Shiraike Jigoku , ou "lagoa fervente": o termo “evaporados” está ligado a uma ideia de que os vapores dos banhos públicos, os onsen, são propícios ao desaparecimento (ohn S Lander/LightRocket/Getty Images)
Janaína Ribeiro
Publicado em 24 de setembro de 2020 às 15h08.
Última atualização em 24 de setembro de 2020 às 19h29.
A cultura no Japão é repleta de rituais. Não é novidade que a sociedade japonesa preza pela honra e que o fracasso mata de "vergonha". Em um país tão desenvolvido econômica e tecnologicamente, dados da Organização Mundial de Saúde (OMS) emitem um sinal de alerta: é o quinto lugar no mundo com a maior taxa de suicídio ao ano, segundo levantamento. Pelo menos 800.000 pessoas tiram a própria vida no mundo — uma pessoa a cada 4 segundos —; um número superior a óbitos por câncer de mama, malária, homicídio e até guerra. Segundo a OMS, "um grave problema de saúde pública".
O fato de a sociedade japonesa achar mais honrado se suicidar a ter de conviver com algum tipo de vergonha ou embaraço considerado "fracasso", seja por um casamento ou sociedade desfeita, pela falência, dívidas, uma promessa não cumprida, o desemprego, e até por não ter entrado em uma universidade, reforçam o ranking em comparação a outros países.
Porém, existe uma categoria entre o vivo e o suicida. Denominada johatsu, ou os "evaporados", milhares de cidadãos japoneses buscam ajuda de empresas clandestinas para desaparecer do mapa e deixar suas identidades para trás. Estes, saem de circulação para buscar refúgio no anonimato.
O governo japonês não disponibiliza números oficiais sobre os johatsu, porém, estima-se que entre 100.000 a 185.000 japoneses recorram ao método anualmente. Essa fuga é de certa forma muito fácil no país, já que as leis de privacidade japonesa dão aos cidadãos liberdade para manter seus dados em segredo. Apenas em casos onde houve crime é que a polícia do país investiga os movimentos. Pessoas desaparecidas podem sacar dinheiro em caixas eletrônicos e não serem descobertas, assim como membros da família não podem acessar vídeos de câmeras de segurança, para tentar descobrir o paradeiro ou o dia e a hora em que seu ente fugiu. Aos familiares fica a dúvida se foi um caso voluntário ou não, assim como o sentimento de abandono.

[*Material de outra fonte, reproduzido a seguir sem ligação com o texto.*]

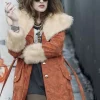 Asal Vision Women Coats | Mr Robot Darlene Shearling Coat Same As Image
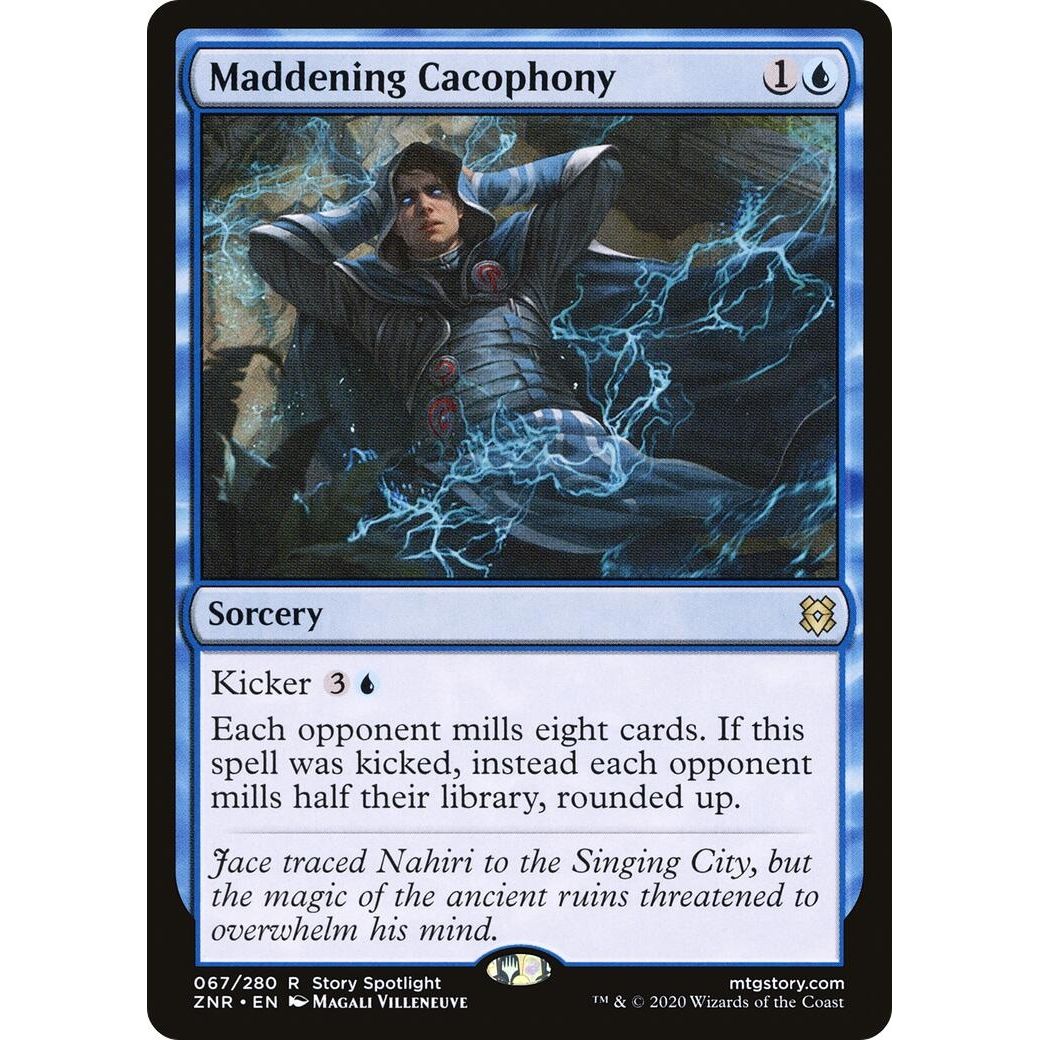 Image for Maddening Cacophony (67) (ZNR) - Magic: The Gathering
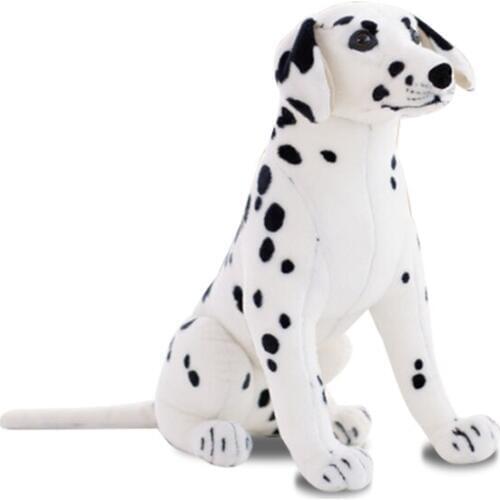 Large 85cm Dalmatian dog squatting or lying dog plush toy hug toy pillow ,Christmas gift x245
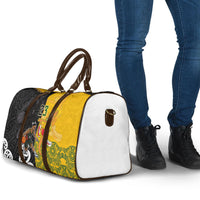 Aotearoa New Zealand And Australia Basketball Custom Travel Bag Maori Tribal Tattoo And Aboriginal Dot Art Heritage LT03 - Polynesian Pride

Para suprir a demanda, existem empresas semiclandestinas para facilitar a evaporação para locais que concentram especificamente os evaporados. Para sinalizar a natureza secreta para quem decide se tornar um johatsu, a operação é chamada de "mudança noturna". Essas empresas retiram a pessoa de sua vida de forma discreta sem deixar rastros e ainda oferecem hospedagem em locais remotos e distantes.
Segundo matéria da BBC, Sho Hatori é um dos empresários no ramo. Com uma empresa fundada na década de 1990, o motivo de se dedicar ao negócio é ajudar pessoas a ter uma segunda chance e começar uma segunda vida. Segundo o sociólogo Hiroki Nakamori, um estudioso do fenômeno, o termo começou a ser usado na década de 1960 para descrever pessoas que decidiram desaparecer. Com taxas baixas de divórcio no país na época e até os dias de hoje, ainda sim o tema é um tabu. Algumas pessoas preferem abandonar seus companheiros do que passar pelo processo de separação formal. Outras, fogem de relacionamentos abusivos, e enxergam no sumiço a única porta de saída.
Muitas das empresas que cuidam da evaporação sem deixar rastros são formadas pelos próprios johatsus, que estão sumidos há décadas.
O termo “evaporados” está ligado a uma ideia de que os vapores dos banhos públicos, os onsen, são propícios ao desaparecimento. Neles, a pessoa se banha antes da submersão nas piscinas fumegantes. Segundo a literatura japonesa do século 17, são locais para purificação física e filosófica.